August 6th, 2009
Barbecue can mean different things to different people depending on where you live in this world. I like ribs and tri-tip; but my favorite BBQ is the pulled pork sandwich. Pork shoulder slow grilled with low indirect heat until the meat is so tender that it starts to fall off the bone, then pulled to shreds, slathered with vinegar based BBQ sauce, and topped with coleslaw in between warm bun -- that North Carolina BBQ is hands down my favorite.
I have personally made pulled pork by slow roasting it in the oven and in a crock pot but never on the grill. I have been itching to do it the traditional North Carolina way by smoking the meat but it takes a long time to execute and as some of you know time is something I haven't found enough of these days. To my surprise I had a full weekend at home so as I caught up with stuff around the house I tended to the BBQ grill.
Having plenty of professional and wannabe BBQ enthusiasts with in my circle, I reached out to my friends over Twitter and Facebook to get some input and they did not disappoint with the exception of one, who covets the secret family BBQ sauce recipe ;) Consider the recipe and the how-to that I share with you on this blog post a compilation of BBQ wisdom, a crowdsourced BBQ recipe, if you will.
You will need meat, spice rub, grill, bag of charcoal, wood chips, drip pan, thermometers and patience.
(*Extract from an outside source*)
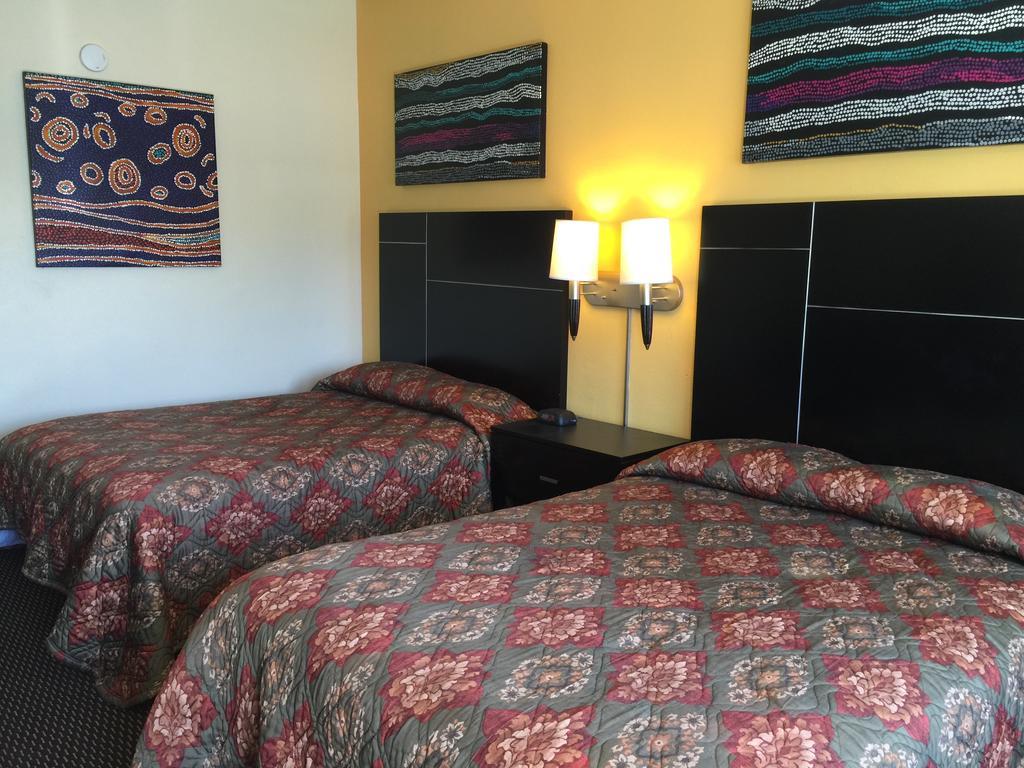 Indio Holiday Motel Oda fotoğraf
That is all, and the process itself is actually quite simple.
The pig’s shoulder is the preferred cut of choice when it comes to making pulled pork. The shoulder is broken down into two sub-primal cuts that includes the picnic (often times referred to as picnic ham) which connects to the upper part of the pig’s foreleg. I used the area above the leg which is called the Boston butt. The butt has plenty of lean meat but is also interlaced with fatty connective tissue that helps with lubrication throughout the long roast.
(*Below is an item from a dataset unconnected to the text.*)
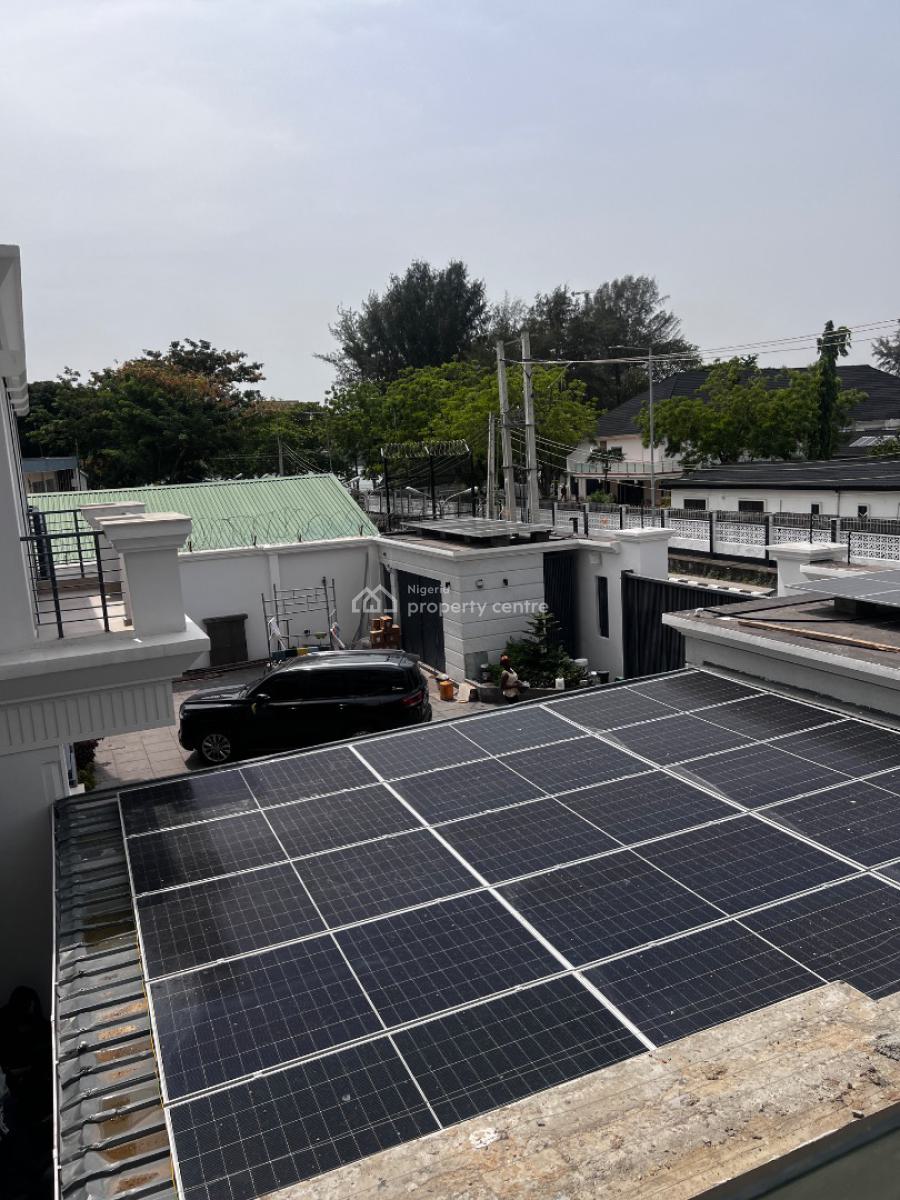 Block of 12 Units 3 Bedroom  Apartments in The Heart of Ikoyi, Off Bourdillon, Ikoyi, Lagos, House for Rent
A 5 pounder should serve 10 people, maybe 6 to 8 if they are a greedy bunch. I cooked a 9 lb butt aka Boston shoulder (about 4 kilogram), but you could certainly go for something smaller in size depending on how many people you plan to feed. Yes, 9 lbs is a pretty massive, but the way I see it if you are going to take the time to go through with it, may as well go for it and have leftovers to eat all week. The roast should definitely have a layer of fat at the bottom, and bone-in is suggested by most pit masters. The fat will help to keep the moisture when cooking so I would not recommend removing it. As always I made a last second purchase so I was only able to procure a boneless roast, but had my butcher roll and tie it together, so that the roast held shape during cooking.
Preparation of the Butt
The day before cooking I seasoned the joint with a rub and let it sit overnight in the fridge. As you can see in the photo, I was not shy with the rub. I used a basic rub ratio (8:3:1:1 formula) from Alton Brown, which consists of 8 parts brown sugar, 3 parts kosher salt, 1 part chili powder, and 1 part other stuff. The other stuff can be anything you want, mixed however you want, as long as it adds up to 1 full part. My 1 part consisted of cayenne, black pepper, white pepper, onion powder, ancho chili, and little bit of Old bay seasoning that I found in my pantry. You can always use a store purchased rub if you don’t have the spices lying around the house, there is nothing wrong with that at all. Just make sure to have plenty of it.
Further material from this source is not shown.